(To do) Include in the output exactly the lines from the opening of the data through the line containing "Mercedes E 240", and nothing more.

(Given records)
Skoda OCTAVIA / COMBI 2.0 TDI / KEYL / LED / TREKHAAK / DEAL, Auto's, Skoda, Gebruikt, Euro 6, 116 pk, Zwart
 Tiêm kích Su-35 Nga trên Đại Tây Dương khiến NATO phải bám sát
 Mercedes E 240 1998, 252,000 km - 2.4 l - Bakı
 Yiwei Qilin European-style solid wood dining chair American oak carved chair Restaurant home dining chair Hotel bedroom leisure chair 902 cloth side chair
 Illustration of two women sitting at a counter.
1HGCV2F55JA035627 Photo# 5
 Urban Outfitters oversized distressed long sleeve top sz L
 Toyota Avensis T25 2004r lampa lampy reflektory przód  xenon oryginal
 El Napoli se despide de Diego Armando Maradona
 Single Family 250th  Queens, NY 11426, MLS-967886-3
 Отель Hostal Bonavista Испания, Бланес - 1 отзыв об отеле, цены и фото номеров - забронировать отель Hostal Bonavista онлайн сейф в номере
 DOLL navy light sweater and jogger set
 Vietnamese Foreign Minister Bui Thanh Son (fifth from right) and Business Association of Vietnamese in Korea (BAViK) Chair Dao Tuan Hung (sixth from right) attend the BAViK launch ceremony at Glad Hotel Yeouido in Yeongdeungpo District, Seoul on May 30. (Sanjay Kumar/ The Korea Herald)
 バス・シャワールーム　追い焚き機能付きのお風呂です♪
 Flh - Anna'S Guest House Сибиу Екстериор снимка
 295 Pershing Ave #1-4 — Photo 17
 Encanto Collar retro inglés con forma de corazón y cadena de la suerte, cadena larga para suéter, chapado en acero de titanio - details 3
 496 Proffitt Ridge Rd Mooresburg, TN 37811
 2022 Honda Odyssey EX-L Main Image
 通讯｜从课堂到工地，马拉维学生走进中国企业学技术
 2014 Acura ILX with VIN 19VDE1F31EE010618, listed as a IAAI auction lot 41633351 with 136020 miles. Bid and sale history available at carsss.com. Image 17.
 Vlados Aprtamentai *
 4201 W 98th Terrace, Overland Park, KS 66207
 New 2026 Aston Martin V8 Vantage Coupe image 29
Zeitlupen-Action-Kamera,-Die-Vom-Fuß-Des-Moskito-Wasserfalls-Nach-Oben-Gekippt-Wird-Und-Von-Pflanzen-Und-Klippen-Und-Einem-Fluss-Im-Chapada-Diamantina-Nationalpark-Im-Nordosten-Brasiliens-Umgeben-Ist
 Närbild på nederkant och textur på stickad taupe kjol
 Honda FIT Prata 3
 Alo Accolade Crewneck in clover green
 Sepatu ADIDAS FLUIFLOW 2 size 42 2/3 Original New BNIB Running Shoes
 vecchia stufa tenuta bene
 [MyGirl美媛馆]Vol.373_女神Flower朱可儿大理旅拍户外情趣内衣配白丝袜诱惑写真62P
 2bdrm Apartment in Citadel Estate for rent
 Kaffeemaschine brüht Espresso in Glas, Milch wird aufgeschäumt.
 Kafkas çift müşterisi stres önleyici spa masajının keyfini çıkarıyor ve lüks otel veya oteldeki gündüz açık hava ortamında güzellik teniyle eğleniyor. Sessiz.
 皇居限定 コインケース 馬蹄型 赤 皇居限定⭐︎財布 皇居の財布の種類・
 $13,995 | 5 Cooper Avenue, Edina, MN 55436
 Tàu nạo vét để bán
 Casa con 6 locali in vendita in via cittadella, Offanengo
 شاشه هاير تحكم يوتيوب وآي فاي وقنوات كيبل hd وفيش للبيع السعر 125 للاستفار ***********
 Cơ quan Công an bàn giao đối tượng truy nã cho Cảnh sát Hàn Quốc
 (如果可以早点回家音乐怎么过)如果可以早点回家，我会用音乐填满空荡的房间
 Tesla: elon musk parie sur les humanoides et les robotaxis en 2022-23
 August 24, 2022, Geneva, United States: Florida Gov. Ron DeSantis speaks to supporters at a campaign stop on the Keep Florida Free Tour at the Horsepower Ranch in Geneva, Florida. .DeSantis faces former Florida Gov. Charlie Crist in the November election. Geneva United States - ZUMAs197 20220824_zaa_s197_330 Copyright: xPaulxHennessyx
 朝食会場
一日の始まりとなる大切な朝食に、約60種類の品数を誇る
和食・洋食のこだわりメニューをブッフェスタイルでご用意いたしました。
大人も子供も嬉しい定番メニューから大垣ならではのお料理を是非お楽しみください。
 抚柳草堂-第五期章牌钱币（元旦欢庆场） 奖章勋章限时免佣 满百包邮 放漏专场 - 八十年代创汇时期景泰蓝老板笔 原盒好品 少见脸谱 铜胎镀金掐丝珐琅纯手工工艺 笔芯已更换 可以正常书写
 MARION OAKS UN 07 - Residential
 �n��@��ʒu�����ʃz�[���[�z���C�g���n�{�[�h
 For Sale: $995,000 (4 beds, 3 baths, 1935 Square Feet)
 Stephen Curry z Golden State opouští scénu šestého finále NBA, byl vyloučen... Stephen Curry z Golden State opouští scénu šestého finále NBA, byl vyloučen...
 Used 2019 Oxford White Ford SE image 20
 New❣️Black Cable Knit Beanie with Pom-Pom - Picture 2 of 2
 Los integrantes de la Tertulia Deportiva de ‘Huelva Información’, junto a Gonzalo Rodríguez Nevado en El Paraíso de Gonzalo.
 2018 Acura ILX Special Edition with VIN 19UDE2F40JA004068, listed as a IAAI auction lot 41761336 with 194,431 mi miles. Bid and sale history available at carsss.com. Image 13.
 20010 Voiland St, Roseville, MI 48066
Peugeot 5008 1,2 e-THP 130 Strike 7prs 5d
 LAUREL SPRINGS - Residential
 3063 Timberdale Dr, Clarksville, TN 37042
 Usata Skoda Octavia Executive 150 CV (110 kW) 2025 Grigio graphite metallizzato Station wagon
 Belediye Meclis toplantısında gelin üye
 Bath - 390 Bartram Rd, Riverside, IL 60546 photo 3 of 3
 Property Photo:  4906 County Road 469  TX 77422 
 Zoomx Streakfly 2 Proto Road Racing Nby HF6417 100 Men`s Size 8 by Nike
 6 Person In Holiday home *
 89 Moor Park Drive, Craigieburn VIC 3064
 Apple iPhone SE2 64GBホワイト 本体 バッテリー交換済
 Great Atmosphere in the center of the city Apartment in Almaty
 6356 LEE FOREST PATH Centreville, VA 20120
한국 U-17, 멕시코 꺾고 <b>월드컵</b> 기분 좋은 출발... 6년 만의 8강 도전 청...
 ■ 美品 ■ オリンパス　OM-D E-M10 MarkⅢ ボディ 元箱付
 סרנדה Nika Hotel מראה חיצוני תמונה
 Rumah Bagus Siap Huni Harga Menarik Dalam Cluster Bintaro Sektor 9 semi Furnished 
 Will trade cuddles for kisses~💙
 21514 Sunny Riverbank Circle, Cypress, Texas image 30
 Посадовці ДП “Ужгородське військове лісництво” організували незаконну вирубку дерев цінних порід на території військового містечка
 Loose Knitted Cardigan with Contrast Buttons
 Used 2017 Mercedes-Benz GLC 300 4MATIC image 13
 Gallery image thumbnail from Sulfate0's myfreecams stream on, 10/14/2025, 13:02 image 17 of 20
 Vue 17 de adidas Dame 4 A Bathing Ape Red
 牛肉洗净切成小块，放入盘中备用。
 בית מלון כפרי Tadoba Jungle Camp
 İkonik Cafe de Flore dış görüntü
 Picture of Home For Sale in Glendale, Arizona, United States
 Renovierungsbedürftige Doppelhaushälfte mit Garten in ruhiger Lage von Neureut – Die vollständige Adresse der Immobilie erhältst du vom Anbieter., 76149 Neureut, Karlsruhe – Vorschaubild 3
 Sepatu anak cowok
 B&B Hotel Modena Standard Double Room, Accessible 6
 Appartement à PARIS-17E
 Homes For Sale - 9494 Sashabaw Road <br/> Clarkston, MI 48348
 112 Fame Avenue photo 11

(Task result)
Skoda OCTAVIA / COMBI 2.0 TDI / KEYL / LED / TREKHAAK / DEAL, Auto's, Skoda, Gebruikt, Euro 6, 116 pk, Zwart
 Tiêm kích Su-35 Nga trên Đại Tây Dương khiến NATO phải bám sát
 Mercedes E 240 1998, 252,000 km - 2.4 l - Bakı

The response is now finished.